While likelihood-based inference and its variants provide a statistically efficient and widely applicable approach to parametric inference, their application to models involving intractable likelihoods poses challenges. In this work, we study a class of minimum distance estimators for intractable generative models, that is, statistical models for which the likelihood is intractable, but simulation is cheap. The distance considered, maximum mean discrepancy (MMD), is defined through the embedding of probability measures into a reproducing kernel Hilbert space. We study the theoretical properties of these estimators, showing that they are consistent, asymptotically normal and robust to model misspecification. A main advantage of these estimators is the flexibility offered by the choice of kernel, which can be used to trade-off statistical efficiency and robustness. On the algorithmic side, we study the geometry induced by MMD on the parameter space and use this to introduce a novel natural gradient descent-like algorithm for efficient implementation of these estimators. We illustrate the relevance of our theoretical results on several classes of models including a discrete-time latent Markov process and two multivariate stochastic differential equation models.
Motivation & Objective
- Motivate inference for intractable generative models where likelihoods are unavailable or expensive to compute.
- Propose a minimum distance framework using Maximum Mean Discrepancy (MMD) to compare model and data distributions.
- Analyze statistical properties of minimum MMD estimators, including consistency, asymptotic normality, and robustness.
- Investigate how kernel choice and geometry affect generalisation performance and efficiency.
- Develop an efficient optimization algorithm based on information-geometric ideas (natural gradient) for MMD-based inference.
Proposed method
- Define MMD between model and data distributions via kernel mean embeddings in a reproducing kernel Hilbert space.
- Formulate minimum MMD estimators by minimizing MMD^2 between P_theta and the empirical data distribution Q^m.
- Derive a U-statistic gradient estimator for SGD to update theta without computing intractable integrals.
- Introduce a stochastic natural gradient descent algorithm using a kernel-induced Riemannian metric on the parameter space.
- Discuss a fully implicit discretization that links gradient flow to proximal-like updates for robustness.
- Relate minimum MMD estimators to kernel scoring rules and their corresponding divergences.
Experimental results
Research questions
- RQ1How can one perform statistical inference for intractable generative models using a distance-based criterion instead of likelihood?

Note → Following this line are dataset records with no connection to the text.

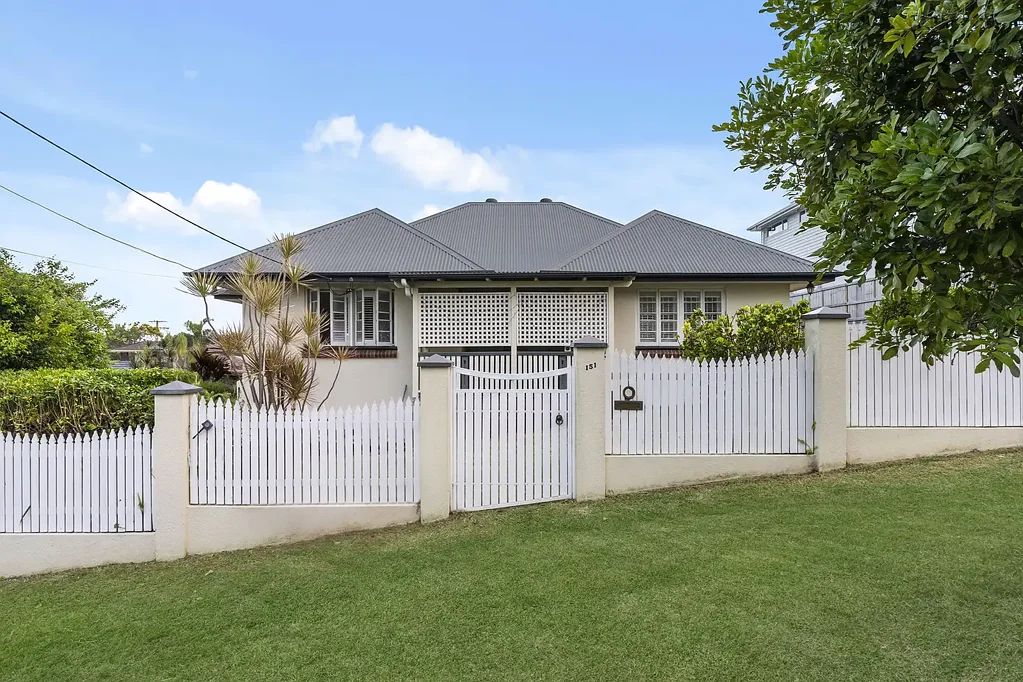 Morningside 4Kwarto Elevated 696sqm Knockdown with Exceptional Potential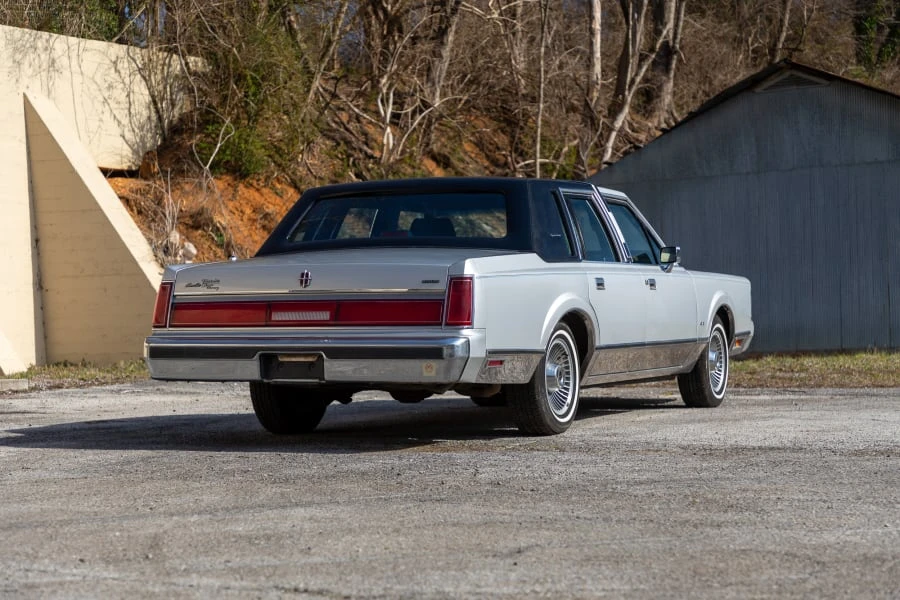 1987 Lincoln Town Car - Image 3 of 26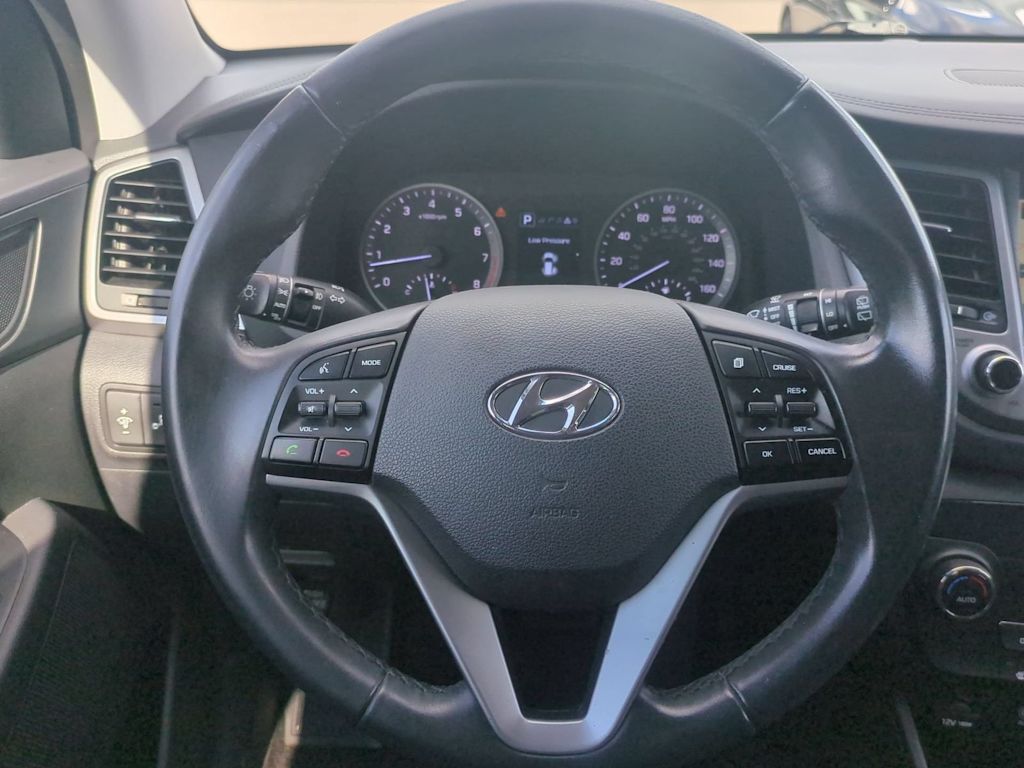 Thumbnail: 2016 Hyundai Tucson - 13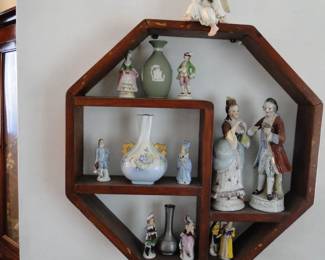 Fun little hand made, creative way to show off your porcelain 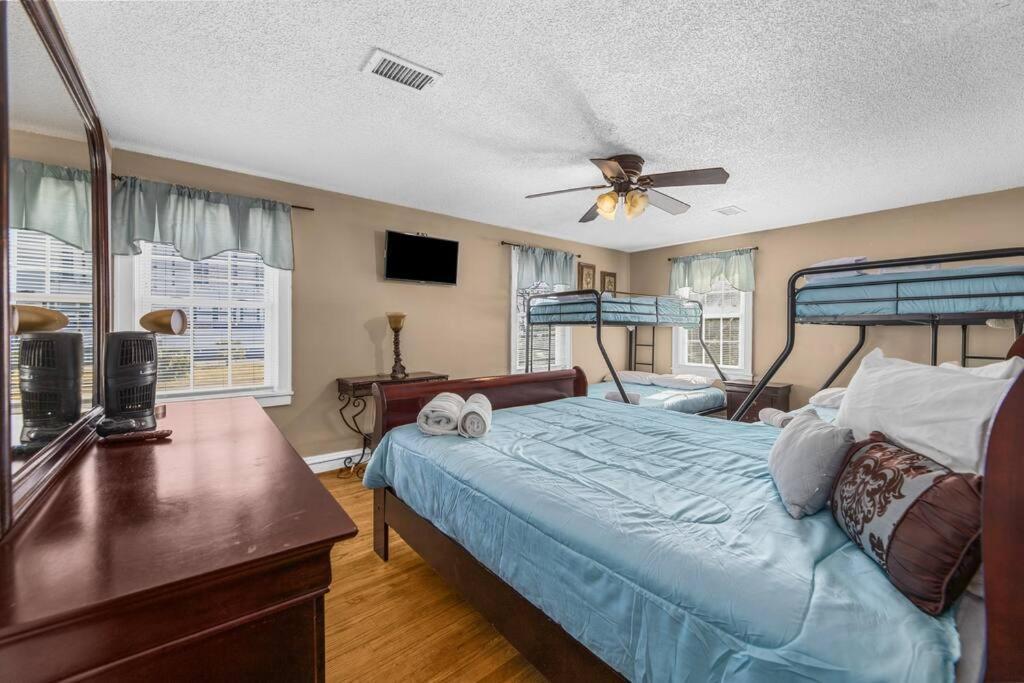 Dazzling Centrally Located Ocean View W 2 Kings, Huge Private Yard, 2 Decks, Firepit, Bbq Myrtle Beach Extérieur photo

- RQ2What are the theoretical properties (consistency, asymptotic normality, robustness) of minimum MMD estimators under M-closed and M-open settings?
- RQ3How does the choice of kernel influence generalisation bounds, efficiency, and robustness of the estimators?
- RQ4Can a natural gradient or information-geometric approach yield computationally efficient optimization for MMD-based inference?
- RQ5What are practical implications and performance of minimum MMD estimators on models such as latent Markov processes and stochastic differential equations?
Key findings
- Minimum MMD estimators are consistent and asymptotically normal in the M-closed setting under suitable assumptions.
- Estimator robustness is established in the M-open setting, with qualitative and quantitative robustness results.
- Generalisation bounds for MMD estimators are dimension-robust, with rates of order m^{-1/2} (and n^{-1/2} in the n,m setting) and explicit kernel-dependent constants.
- The kernel choice, including Gaussian kernels and kernel mixtures, trades off efficiency and robustness, and median-lengthscale heuristics can mitigate dimensionality effects.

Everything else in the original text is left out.